Strutter Giants are a select group of men and women honored for their outstanding contributions to the organization. The current list of Strutter Giants includes:

- Bill Aldrich
- Michael and Dianne Hunt Bowman
- Cathy Cantu Cook
- Jerry D. and Linda Gregg Fields
- Jimmy and Tammy Fife
- Dr. Kathy Fite
- Joe and Stacy Chessher Fowler
- Alberto Gonzalez and Susan Angell-Gonzalez
- O.C. and Johanna Stallman Haley
- Diana Becker Hendricks
- Bobbie and Dottie St. Clair Hill
- Gerald and Donna Petty Hill
- Bill and Loma Hobson
- David and Julianne Hunt
- Paige Lueking
- Jill Pankey
- Debbie Johnson Roberts
- John B. and Dedee Middleton Roberts
- Barbara Guinn Tidwell
- Sarah Aldrich Visel
- Craig and Gail Vittitoe
- June Blocker Whitney

==Controversy and Criticism==
Like many other organizations, the Strutters have had controversy and criticism over their history. Texas State University did not integrate the school until 1963, and the team was predominantly white for the first 29 years of its existence. Since the 1980s, a wide variety of ethnicities have joined the team, many gaining leadership positions within the organization. The team selected its first African American officer in 1994.

There are no height or weight requirements, although team members must have proper weight for their height, frame, and bone structure. Team activities require outstanding cardio-vascular conditioning, strength, and stamina. Body piercings, tattoos, brands, or symbols visible on the skin are not permitted, nor are distractions from the uniformity of costuming permitted.

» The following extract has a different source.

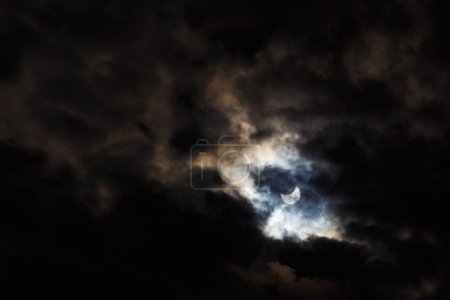 Un eclipse solar parcial del 25 de octubre de 2022 capturado a través de nubes oscuras malhumoradas, la fase máxima visible desde Europa, Rumania.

The rules for the organization are many, and conforming to them can be difficult for dancers who prefer individual accolades over being part of a team. Other university students often state that the extensive list of rules takes away the identity and expression of the individual. The team defends itself by reminding others that the being part of the organization is elective, not mandatory, and that the rules are in place to insure a level playing field for everyone, and designed to bring out an individual's qualities within the constructs of a team. As ambassadors of Texas State University, the state of Texas, and the US, team members gladly adhere to the rules set forth by the organization.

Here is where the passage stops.